After fitting, the result is visualized as a dashed red line together with the experimental data as a blue line, and the parameters of the fit (including their standard deviations) are displayed in the legend (Fig 3b). The students can evaluate the fit quality both visually and by using the R2 value and the standard deviations of the fitted parameters. On the basis of this evaluation, they can decide whether to adjust the initial guesses to obtain an improved fit.
3. Fluorescence spectroscopy
Fluorescence emission measurements are conducted on a Perkin Elmer LS50B instrument. Often a set of emission spectra will be recorded as a function of an additive (e.g., denaturant, ligand, lipids, or reducing agent) depending on the type of question asked. If a single file is uploaded to PYDA, it is visualized with the measured emission wavelength (x axis) and the corresponding intensities in arbitrary units (y axis; Fig 4a). If more than one file is uploaded, PYDA will overlay the spectra, and a button appears that allows the student to assign a concentration (or other feature) to each uploaded file.


Citation: The Biophysicist 6, 1; 10.35459/tbp.2024.000260
Furthermore, it is possible in PYDA to choose additional ways of visualizing the data. Option 1 plots the emission intensity at a specific wavelength for all spectra uploaded (Fig 4b). The wavelength to visualize can be chosen by the student using a slider, making it easy to assess which wavelength to follow to maximize the explored effect.

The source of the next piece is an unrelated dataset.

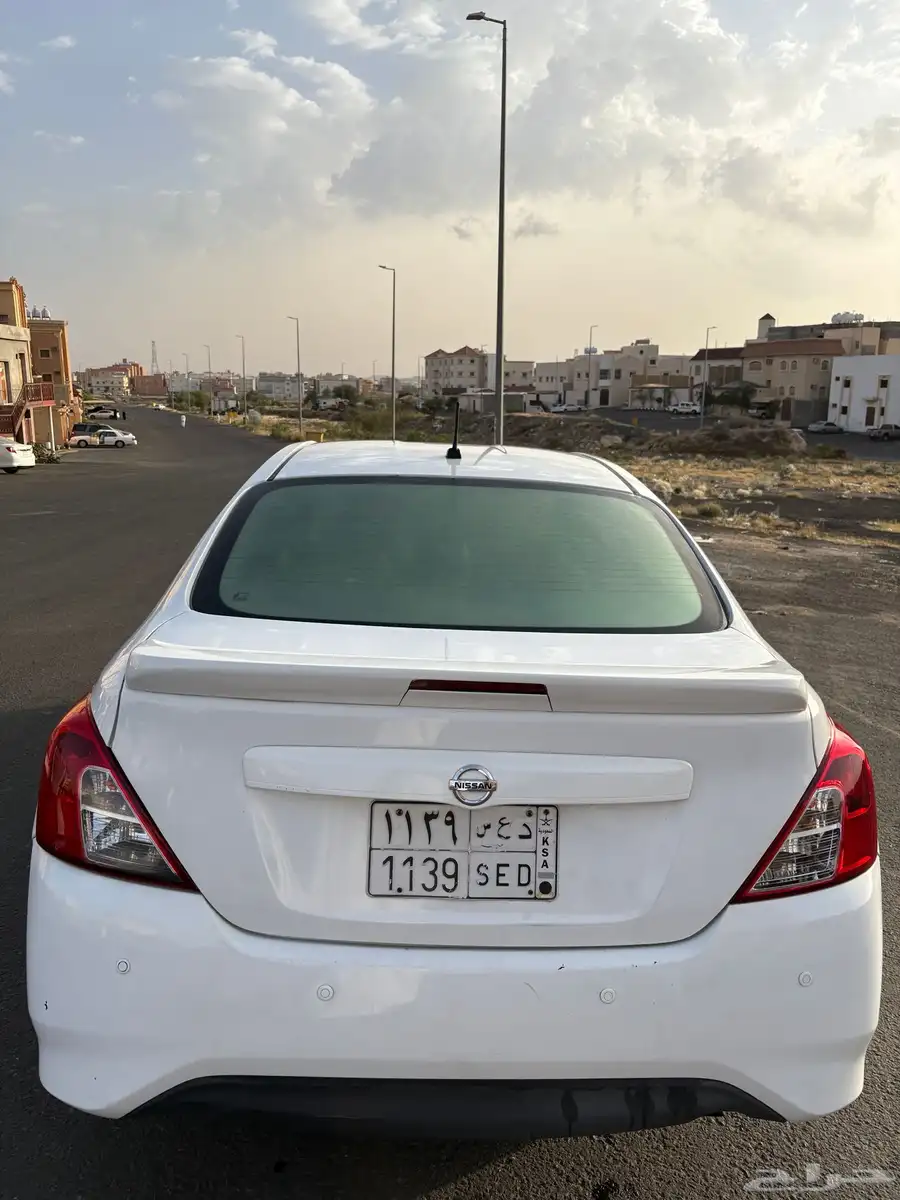 نيسان صني 2019 ابيض 6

Option 2 plots λmax, the wavelength at which the individual spectra exhibit maximum emission intensity (Fig 4c). The λmax is the population average only if I(λmax) is the same for the titrating species. This is valid only in special cases, which must be kept in mind. Different datasets will yield a better result by using option 1 over option 2 and vice versa; this accessible way of visually exploring both options has helped students understand their data more in depth and has enabled them to choose the better option.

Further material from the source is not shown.